Republished with the kind permission of the North Shore Times.
In term two of 2016, Leeah Chou-Lee was not on course to achieving her level 2 NCEA qualifcation.
In February 2017, the 17-year-old was back studying at Glenfield College on Auckland’s North Shore, with goals of entering the navy and attending university.
Chou-Lee is just one of the students to benefit from a number of strategies to boost achievement implemented by new principal, CJ Healey, who joined the college in April 2016.
One of those was the Achievers Programme designed to help identified students.
The students’ photos were stuck on a large board on the staffroom wall. Each week, teachers would update the board with the number of credits the students had achieved, the number they still needed and whether or not they had made progress that week, indicated by a green or amber arrow.

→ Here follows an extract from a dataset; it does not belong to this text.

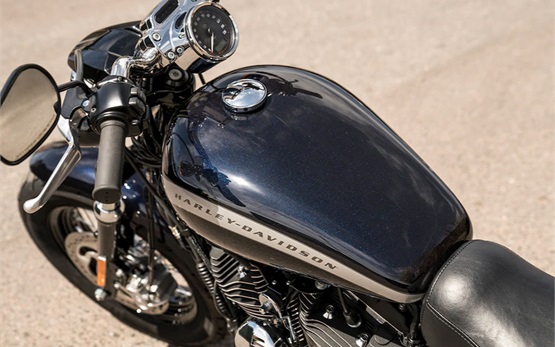 Harley Davison 1200 Custom - Motorradvermietung Faro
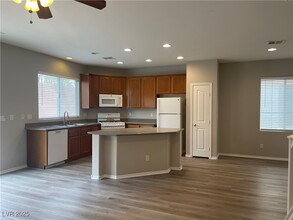 9791 Pan Falls St in Las Vegas, NV - Building Photo - Building Photo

The teachers learned the names and needs of the students and celebrated small achievements formally and informally.
“Because the teachers got excited about it, the kids did too,” Healey said.
The school’s existing mentoring programme was also developed, pairing each student and their caregivers up with a teacher who they would meet with regularly to set and review goals.
The final push was the Glenfield Academic Programme, which Chou-Lee participated in. During study leave, students who still needed a few more credits returned to school to resit previous, or take new, assessments with the aim of getting the credits they needed.
“I felt good about myself. It made me feel like I could do many more things,” Chou-Lee said. Chou-Lee was also awarded top student in the services academy in 2016 and plays tag rugby at a regional level. She was named a student leader for 2017.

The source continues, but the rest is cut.